■ **Problem description**:
Write out the entries below exactly, but only from the line containing "Parkway Drive Snake & Dagger Kids Shirt" through the line containing "Busch Light Upslope", and without the pictures.

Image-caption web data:

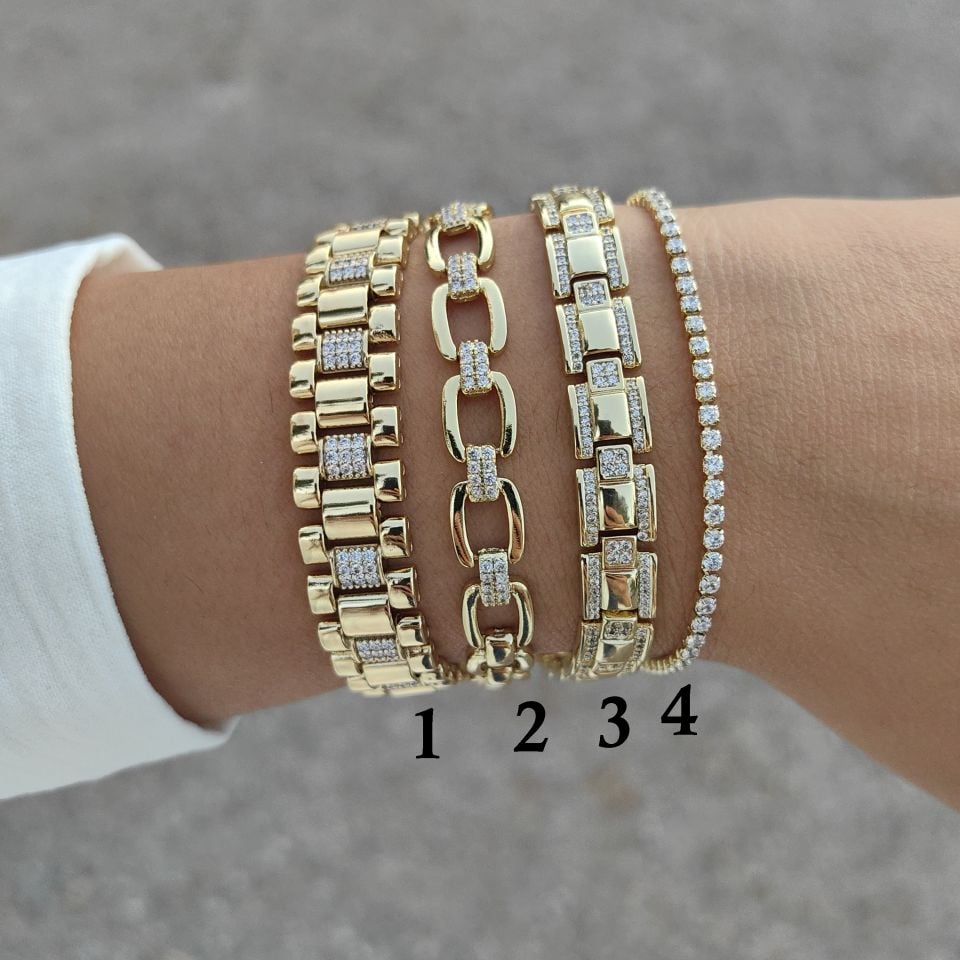 14K ALTIN KAPLAMA YENİ SEZON BİLEKLİKLER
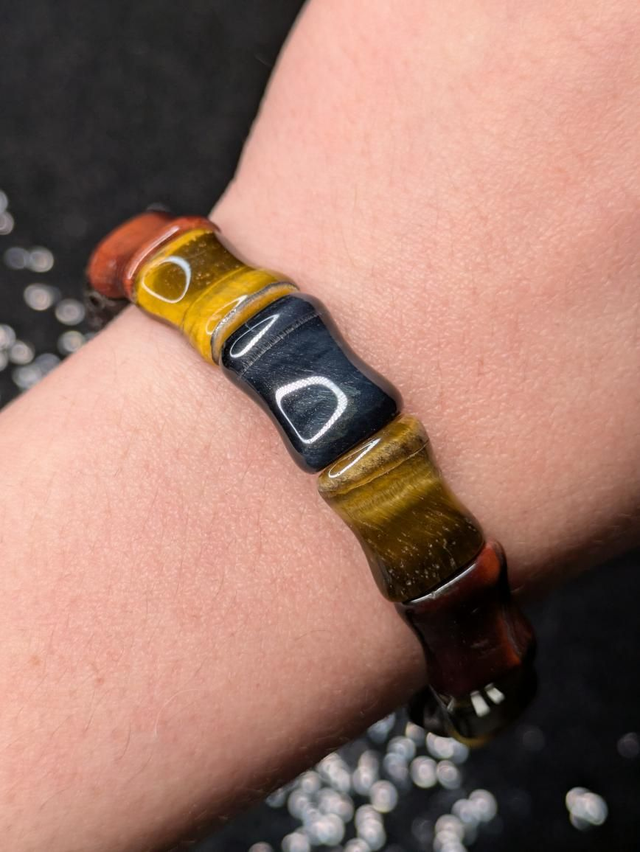 Bracelet œil de tigre multiple 3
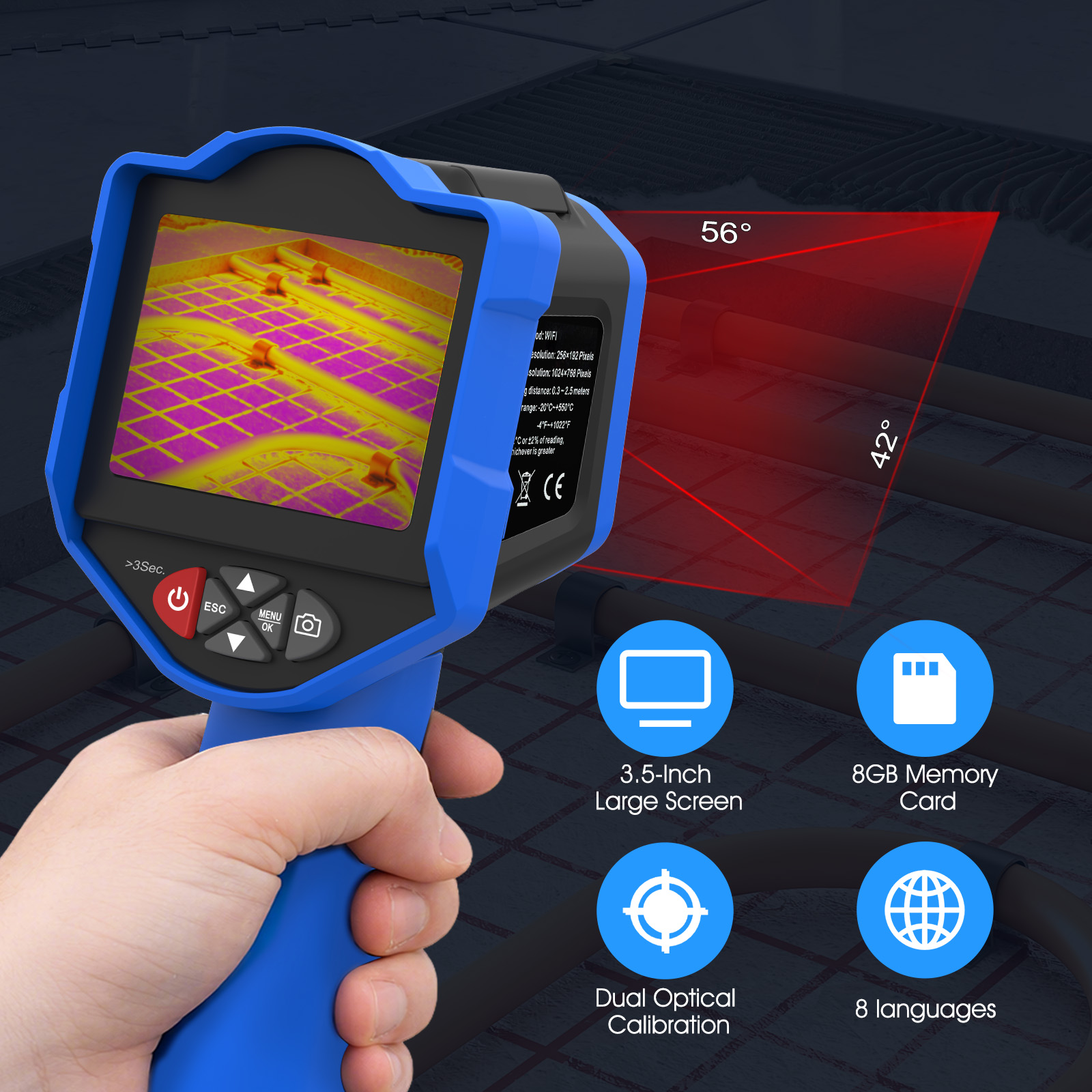 HoldPeak Thermal Imaging Camer - đánh giá và giá Thermal Imaging Camera Pcb Repair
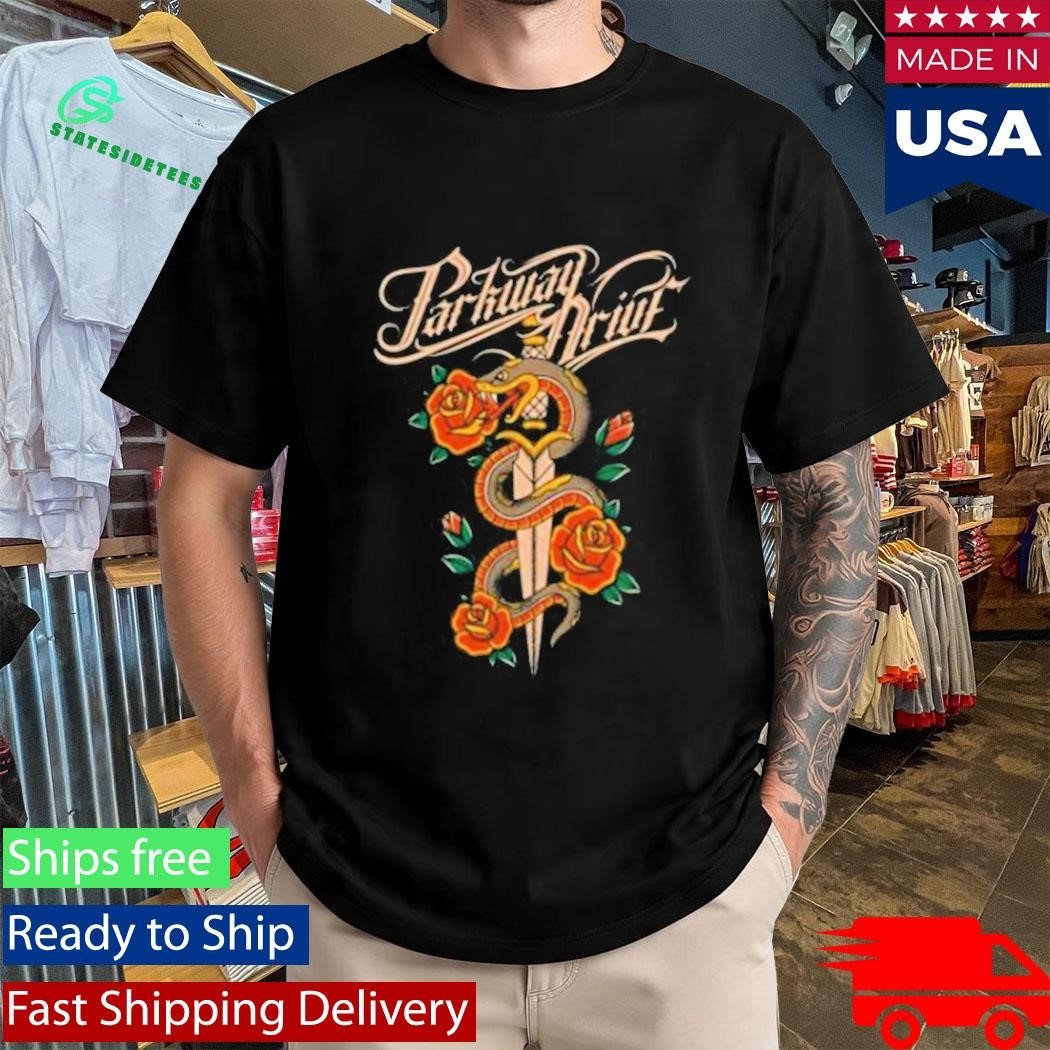 Parkway Drive Snake & Dagger Kids Shirt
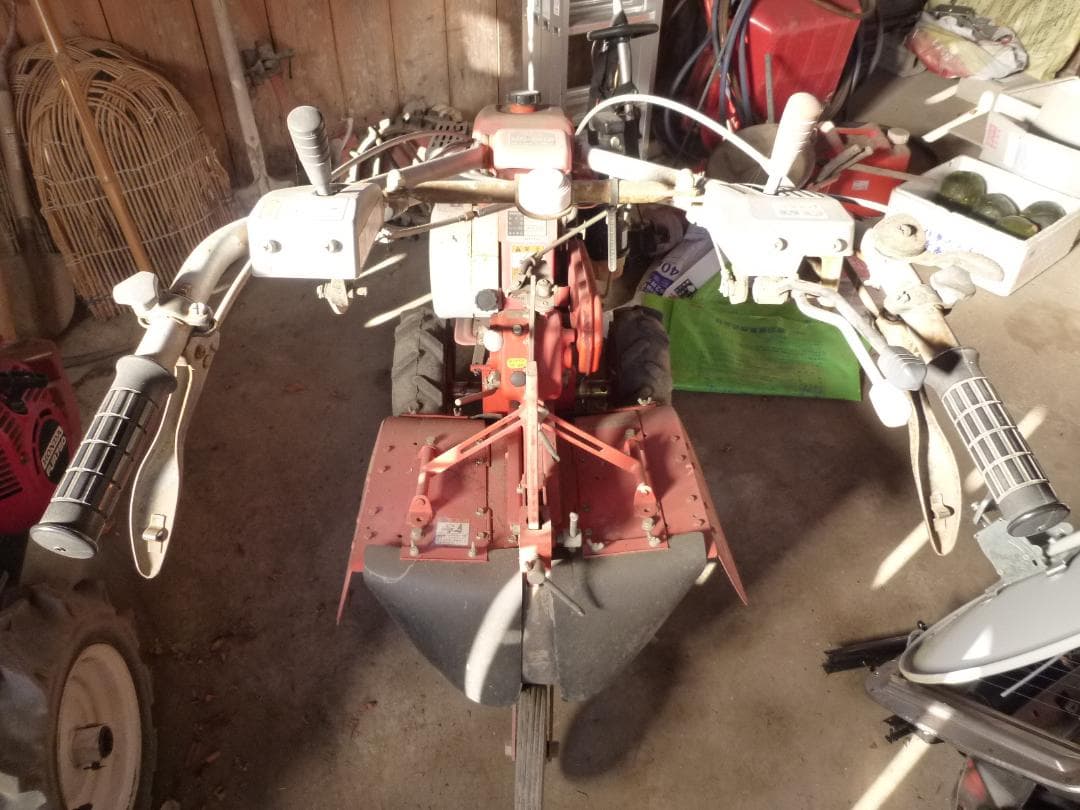 マメトラ管理機　MC－５０３ロータリー付　引取限定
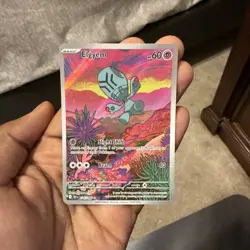 2025 Elgyem IR 120/086 SV: Black Bolt English PACK FRESH NM Pokemon TCG - Image 1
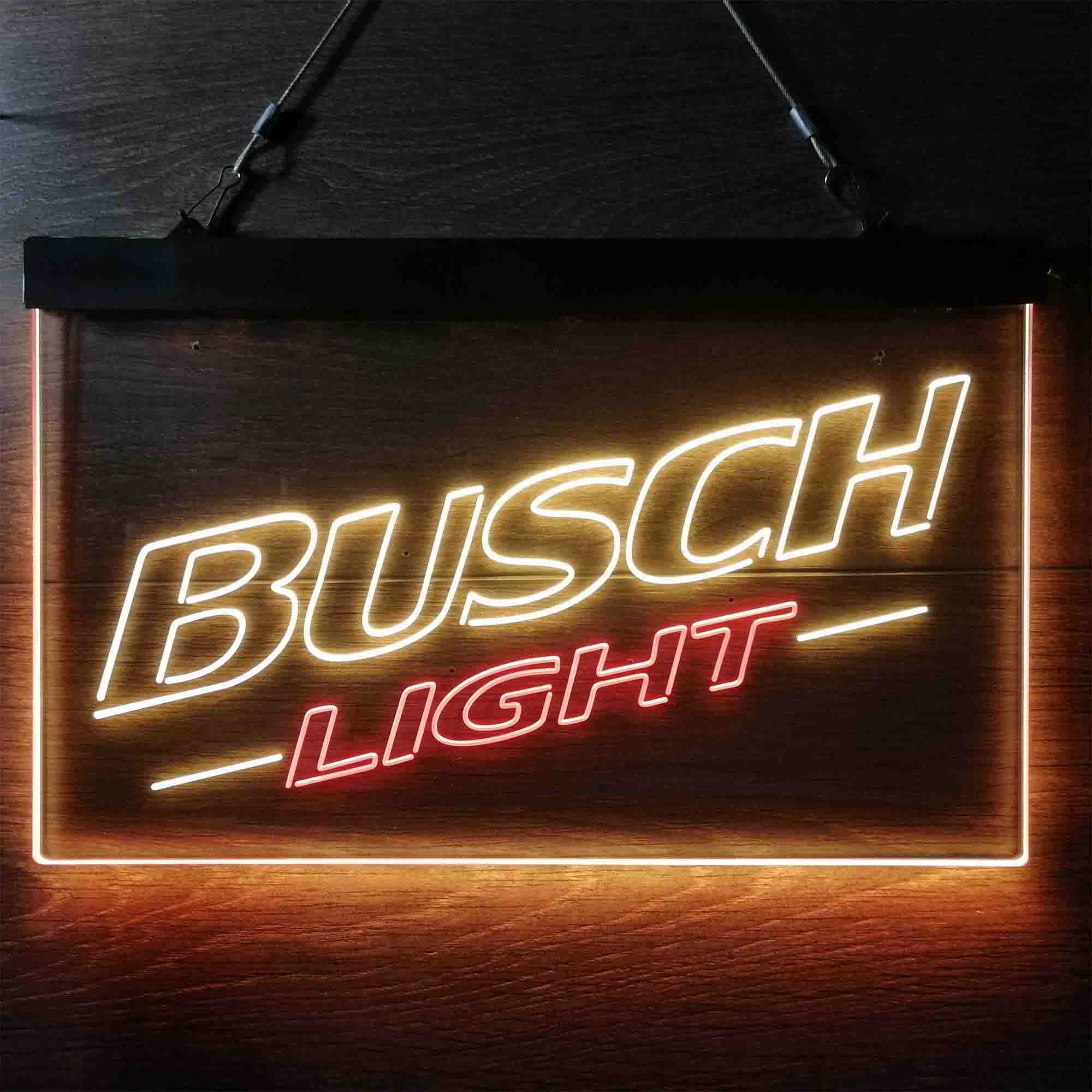 Busch Light Upslope Logo Home Bar Neon Light LED Sign - Image 5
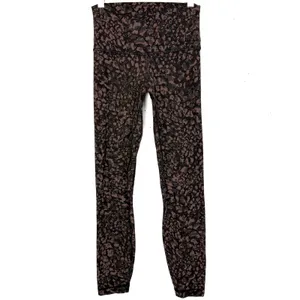 Lululemon Align Pants II 25" Wild Thing Camo Brown Earth Multi Yoga Size 4 thumbnail 4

■ **Result for this task**:
 Parkway Drive Snake & Dagger Kids Shirt
 マメトラ管理機　MC－５０３ロータリー付　引取限定
 2025 Elgyem IR 120/086 SV: Black Bolt English PACK FRESH NM Pokemon TCG - Image 1
 Busch Light Upslope Logo Home Bar Neon Light LED Sign - Image 5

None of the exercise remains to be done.